C'était mieux dans le bon vieux temps. C'est pas moi qui le dit, c'est tout le monde ou à peu près. L'être humain est voué à brailler sur son passé envolé, sur les belles choses d'avant qui n'existent plus aujourd'hui et sur ce que le monde aurait pu être si seulement on avait gardé le cap sur les bonnes vieilles valeurs d'antan.


Quoi qu'il en soit, je suis de cette génération que l'on pourra appeler «les derniers vrais nostalgiques», une génération qui aura connu assez longtemps «l'avant Internet» pour s'en rappeler, ainsi que la transition technologique qui en a découlé. Ceux qui nous suivent en âge se rappellent peut-être vaguement de cet avant, mais ils n'ont pas tout à fait goûté à une jeunesse sans moteurs de recherche, sans réseaux sociaux ni applis de streaming. Ils ne savent pas vraiment qu’à une époque, tout nécessitait un fil, un mécanisme manuel, une assitance humaine ou un bout de papier et un crayon. C'est émouvant rien que de l’évoquer et ça fait vibrer une corde sensible, celle d'un passé déconnecté où rester incognito restait facile. On pouvait faire des tas de mauvais coups sans aucune traçabilité potentielle (sauf peut-être les yeux des voisins surveillant en simultané la trâlée de gamins qui jouaient dans la rue).


Ce grisant sentiment d’échapper au monde entier pour quelques heures est pratiquement disparu de la surface de la planète, remplacé par le besoin d’être localisé en tout temps. «Ouin mais si jamais j’ai besoin de te rejoindre pour une urgence?» est la question qui tue. La laisser sans réponse semblerait être un crime à-propos duquel plusieurs militent pour y associer une peine de prison à perpet ou des travaux forcés. Tant qu’à y être, réhabilitons les Goulags, version «camps pour nostalgiques n’ayant plus envie de répondre à leur foutu téléphone»… Bref, comme le dit si bien mon père : «Pousse mais pousse égal».


Quand on y pense, ceux qui ont moins de trente-cinq ans (c'est à dire les p'tits jeunes) peuvent facilement être perdus comme des ours polaire en vacances à Bali dans une conversation avec des «nouveaux vieux» comme moi.

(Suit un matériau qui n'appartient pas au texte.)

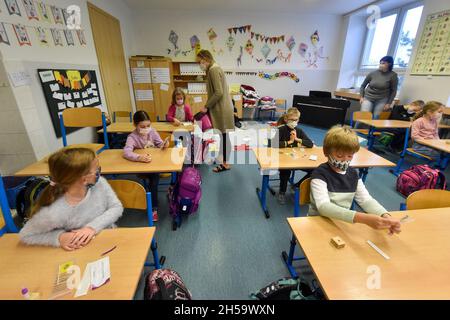 Hlucin, Tschechische Republik. November 2021. COVID-Prüfung der Schüler an der Grundschule in Hlucin, Tschechische Republik, 8. November 2021. Die Coronavirus-Epidemie nimmt zu und ab Samstag überstiegen 61 Bezirke 300 neue Infektionsfälle pro 100,000 Einwohner in sieben Tagen, die das Ministerium als Kriterium für COVID-Tests an Schulen festgelegt hat, weitere Bezirke werden nicht in die Antigentests einbezogen. Kredit: Jaroslav Ozana/CTK Foto/Alamy Live Nachrichten Stockfoto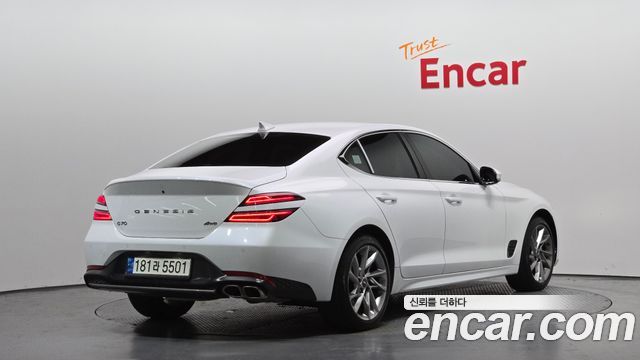 Genesis G70 2022 — photo 2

Après tout, la plupart d'entre eux ignorent qu'avant, les téléviseurs n'avaient pas de télécommande et qu'il fallait se lever pour changer de chaîne. Ils ne savent pas non plus qu'on recevait notre paie par chèque et qu'il fallait aller faire la file à la banque pour le déposer. Déjà, plusieurs n'ont jamais utilisé un chèque de leur vie! J'ai été payée par chèque (et probablement au noir) lorsqu’à quinze ans, j’ai écrit quelques paragraphes pour un journal local pendant l'été, mais j'ai surtout assez souvent vu maman aller à la banque pour déposer un chèque ou retirer de l'argent au comptoir. J'ai même déjà fait un paiement par carte de crédit au papier carbone. Qui en bas de quarante ans se rappelle d'avoir fait cela? Je parierais que peu lèveront la main.

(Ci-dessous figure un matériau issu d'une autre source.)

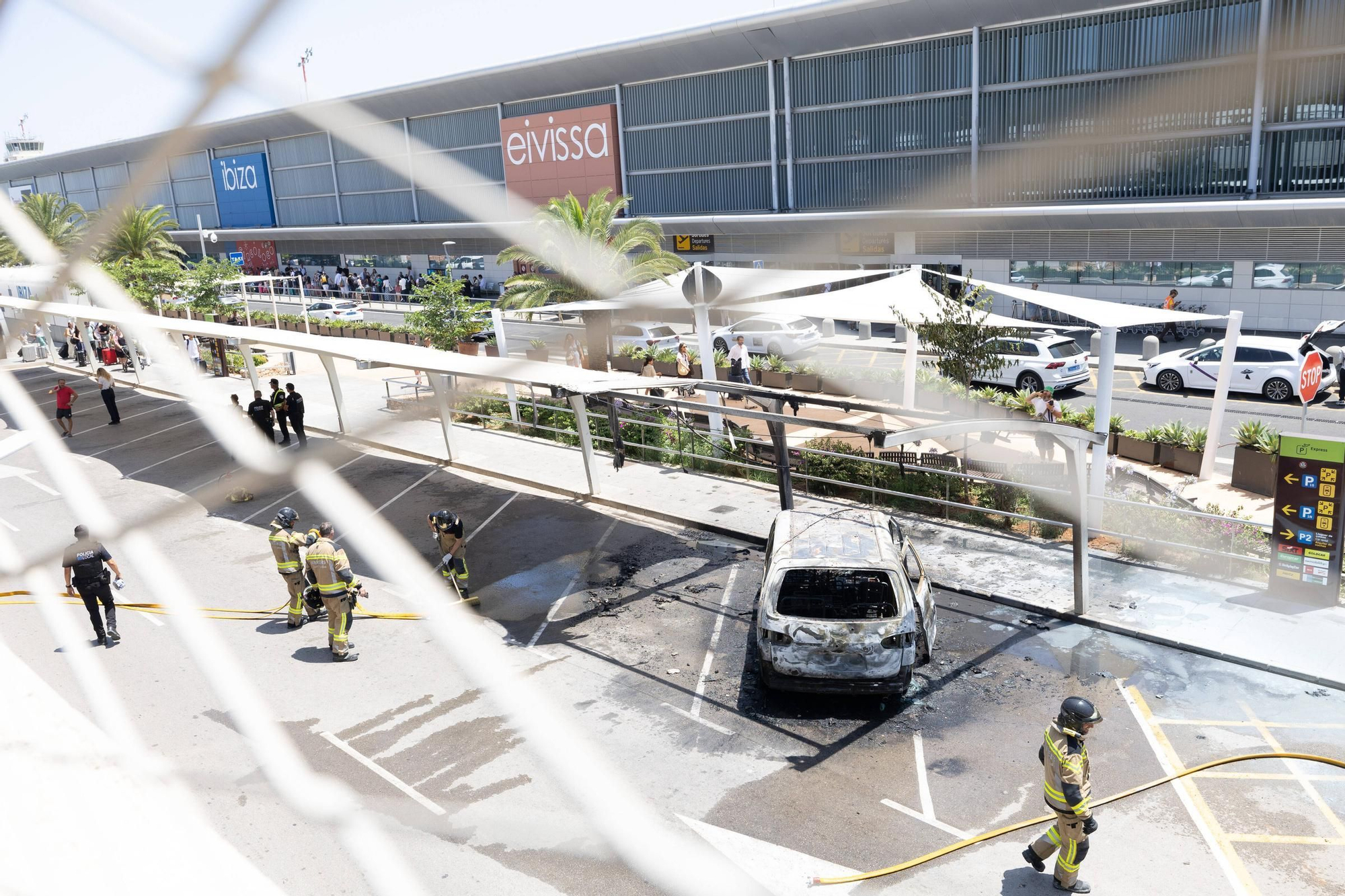 Todas las imágenes del incendio de un vehículo en el aeropuerto de Ibiza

Chaque petite chose, jadis, requérait un effort. Pour réserver un voyage, c'était comme si on laissait son agent nous organiser un blind date avec l’aide de quelques brochures. Nos vacances étaient littéralement entre ses mains (expertes ou pas) puisqu'il avait le pouvoir de nous vendre la dernière saveur à la mode (un voyage du style «crème glacée à l’ail confit») ou de littéralement nous concocter une épopée digne du nom (un genre d’Amazing Race[1] années 80 pour individus avec toupet crêpé) sans qu'on ne puisse rien contre-vérifier. Aucun moyen de valider les critiques acerbes d'autres voyageurs sur l'établissement choisi ni quoi que ce soit d'autre, à moins d'aller à la bibliothèque pour dégoter (si on était chanceux) un rare livre traitant du pays à visiter. J'ai d'ailleurs planifié un déménagement au Mexique en marchant sur une corde tendue au-dessus d'un gigantesque vide informationnel. On était au tout début de 1996, et pratiquement personne n'avait entendu parler d'Internet. Un an plus tard, ce nouveau moyen de communiquer allait commencer à se répandre, mais dans l'intervalle, j'ai dû me baser sur les conseils de Jasibe (une adolescente mexicano-canadienne ayant vécu son enfance à Oaxaca que j'avais rencontrée à l'école) afin de commencer à me faire une petite idée de ce qui m'attendait. Mes parents m'avaient aussi offert un guide linguistique Berlitz à Noël. C'était pas mal tout ce qu'on pouvait faire pour se préparer à un voyage d'un an. Ça et prier un bon coup tous les Saints.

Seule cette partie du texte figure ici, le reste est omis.